“History has a way of women falling off the back of it. […] The canonical doesn’t hold on to women in the same way as it holds on to artists who happen not to be women.”
~ALI SMITH, SCOTTISH NOVELIST, SPEAKING ON THE LONDON REVIEW OF BOOKS PODCAST 45, 2019
“By sidelining women’s history and feminist theory in our survey courses, we have already taught our music students that we do not place high value on these subjects.”
~CLAUDIA MACDONALD, “ARE WE THERE YET? WOMEN’S STUDIES IN A PROFESSIONAL MUSIC PROGRAM,” WOMEN & MUSIC (2004)
One often hears the argument that music is music, and the fact that women composers are not played is not because they are women, but because their music does not have the same objective value. This course aims to challenge this notion.
The decision to teach Music History 40D (the third leg in an undergraduate music history survey) with only women composers does not imply that male composers no longer matter, but rather it acknowledges a disparity in the reception history of men and women composers during this time period and aims to begin to address this disparity. In designing this syllabus for the inauguration of this course in March 2020, I consulted with various colleagues. Numerous suggestions were made as to how the syllabus might be designed. Conscious of the risks of perpetuating the separation of works by women from the remainder of the repertory, one suggestion was to consider pairing composers, one man and one woman composer in each class.
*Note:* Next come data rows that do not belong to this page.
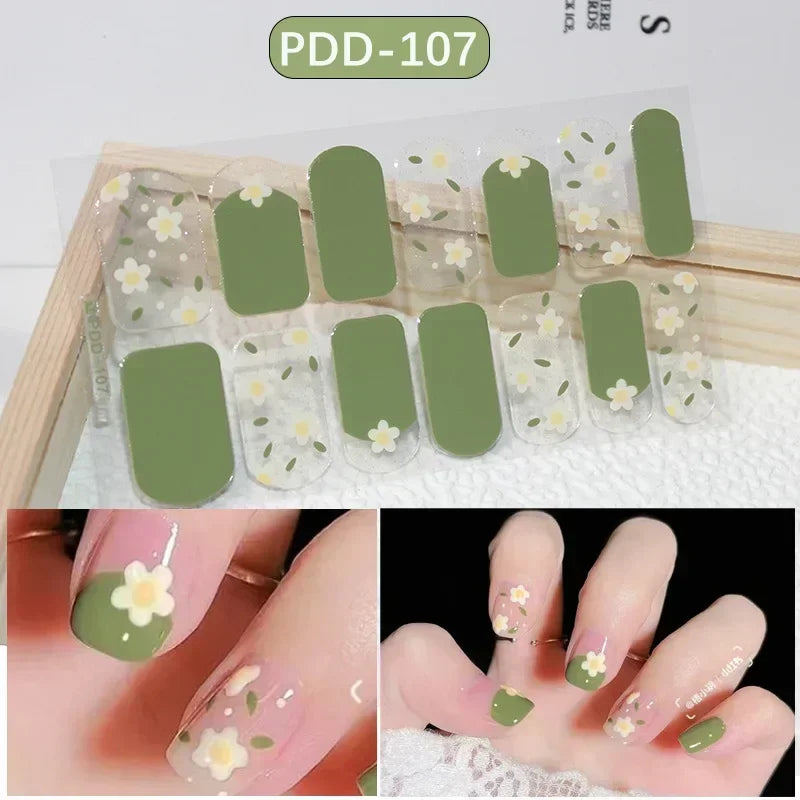 1PC Gel Nail Sticker Patch Slider Flower Gradient Color Back Glue Full Cover Waterproof Gel Nail Sticker UV Lamp Curing Manicur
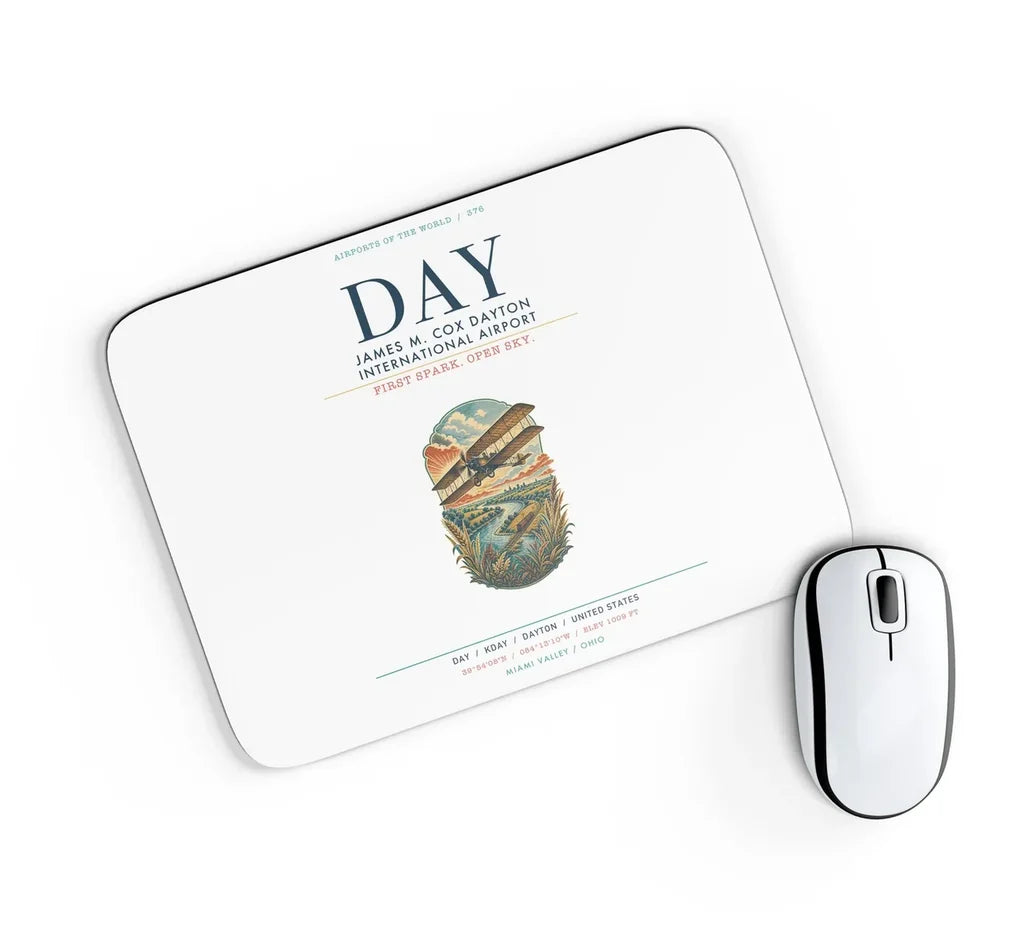 James M. Cox Dayton International Airport (DAY) design on white rectangle mouse pad
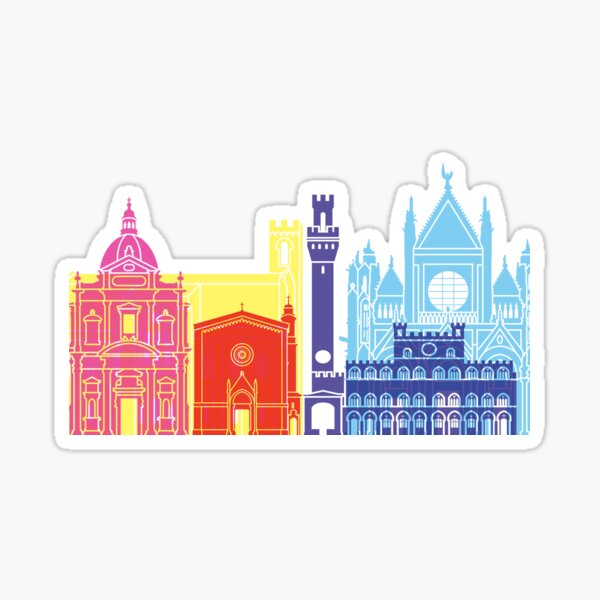 Siena skyline pop Sticker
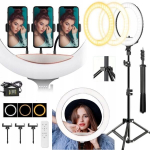 Profesionali Led Ring lempa 56cm fotografijai, makiažui + masyvus stovas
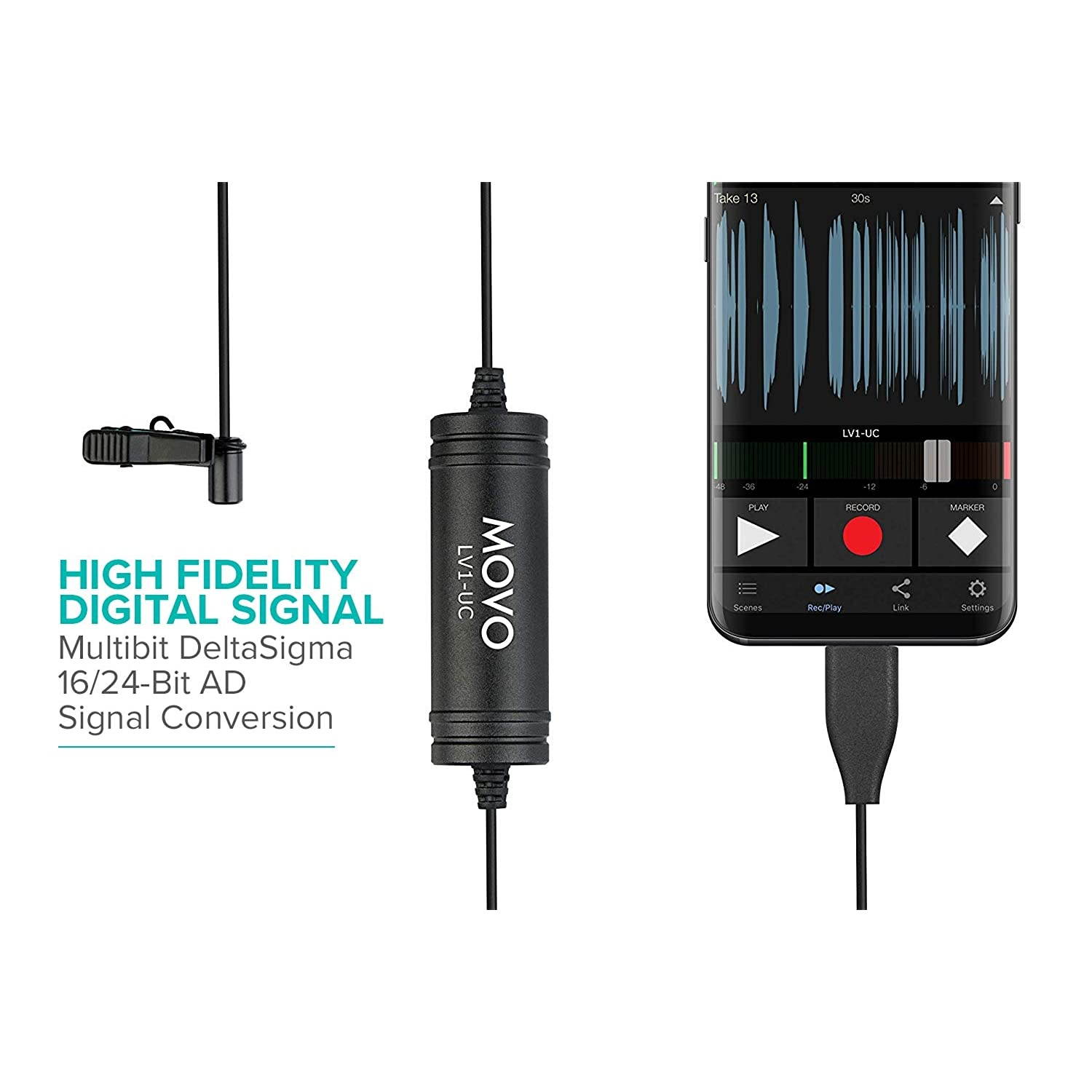 Movo LV1-UC Digital Lavalier Omnidirectional Clip-on Microphone with USB Type-C Connector Compatible with iPad Pro, Samsung Galaxy, LG, HTC Google Pixel, Google Nexus, Other USB-C Type Smartphones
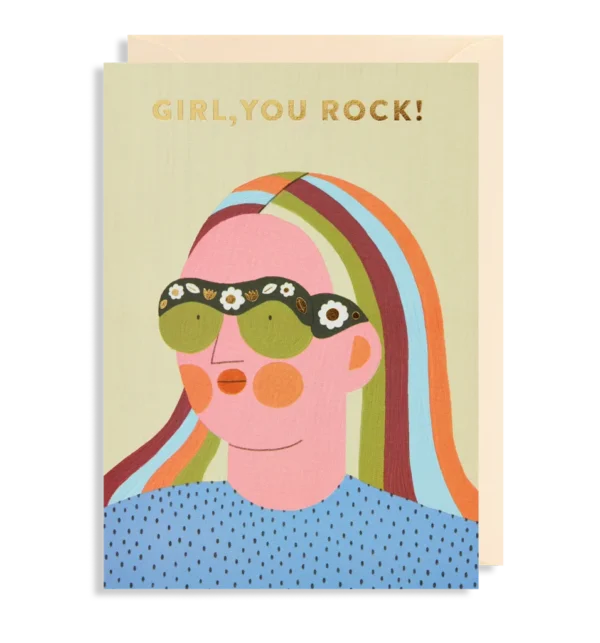 Girl You Rock Face Card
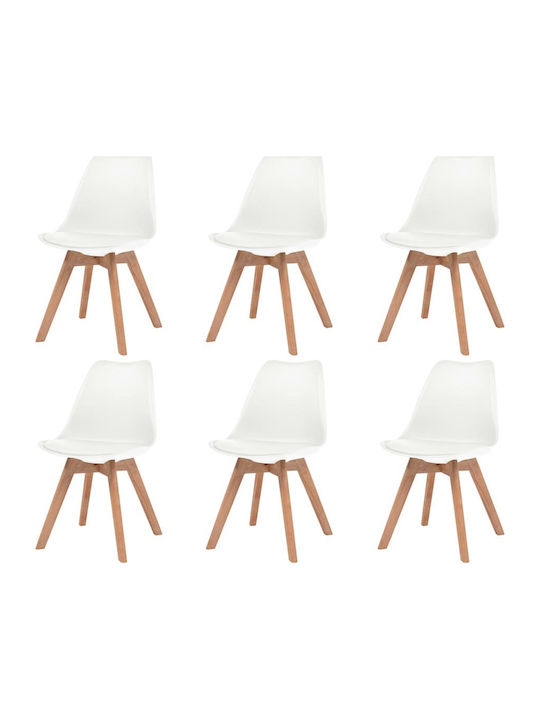 Dining Room Artificial Leather Chair White 48x53x83cm 6pcs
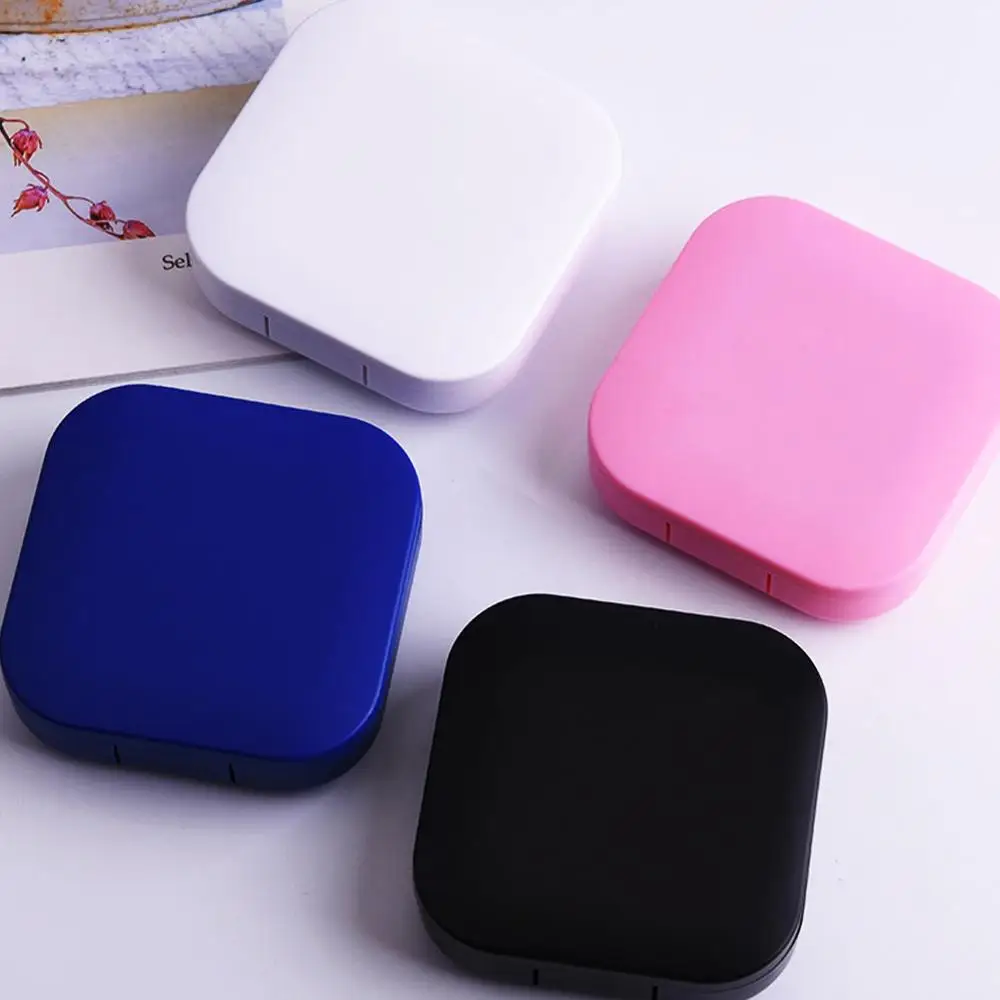 Портативный квадратный зеркальный чехол для линз карамельных цветов контейнер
Given the glaring disparity of recordings, scholarship, and entries in music history textbooks in these two categories, however, there is no feasible way to do this without dwarfing the importance of women in relation to their male counterparts. The approach taken in this course aims to ensure that knowledge of women’s presence in the history of 20/21C music for our students is basic, and not supplementary. It is a very exciting prospect to teach this course for the third time in the 2021/2022 academic year with a new and vibrant group of students. Much has changed for the better since the course was first designed in 2019, with a greater richness of recordings, sources, and writings on the music of women composers. It is heartening to witness this progress.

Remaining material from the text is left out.